Example of good questions to ask usually start with how or what:

  1. How do you think this issue is impacting the company and your capability to do your job?
  2. What can be done to mitigate this problem?
  3. How can I help you in bringing this up with the team?

Technically speaking these are called calibrated questions, they are calibrated to shift the perspective, stimulate reflection, provide a sense of control to the person answering and effectively transform the dynamic from: “I have a problem I want to vent about” to “how can we solve this together?”

So steer the conversation towards your desired outcomes using calibrated, open ended questions - avoiding pointless venting.

Provide feedback

Another key element of 1:1 meetings is feedback.

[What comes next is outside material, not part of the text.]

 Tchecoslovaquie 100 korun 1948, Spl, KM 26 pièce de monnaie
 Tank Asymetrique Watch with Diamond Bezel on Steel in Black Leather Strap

A lot can be said about this topic but it suffices to say that feedback works best when it’s:

  1. factual - based on non debatable evidence like emails, pull requests, code lines etc
  2. actionable - and practical in nature
  3. incremental - so as to not overwhelm the recipient as change takes time for everyone
  4. above all: focused on strengthening the positive qualities - instead of the shortcomings

Unfortunately most managers once again don’t like to provide regular feedback as they fear it generating conflict.

On the contrary there is a growing body of scientific evidence on this topic that shows how directness is in fact key to long term peaceful relationships. Problems don’t get solved if they are not brought up.

So make providing feedback part of our regular 1:1s without exceptions or as Ray Dalio puts it bluntly:

don’t pick your battles, fight them all

The magic

It is amazing what people tell you if you just listen.

Making sure that you have scheduled and structured 1:1s, focused on 1) listening instead of providing updates, and on establishing an open dialog about 2) problems and solutions, and 3) providing regular feedback will do wonders in creating a culture of psychological safety and growth, increase employee satisfaction and the overall performance of your team.

1:1s are where the magic happens - the magic that creates the foundation for highly effective and engaged teams.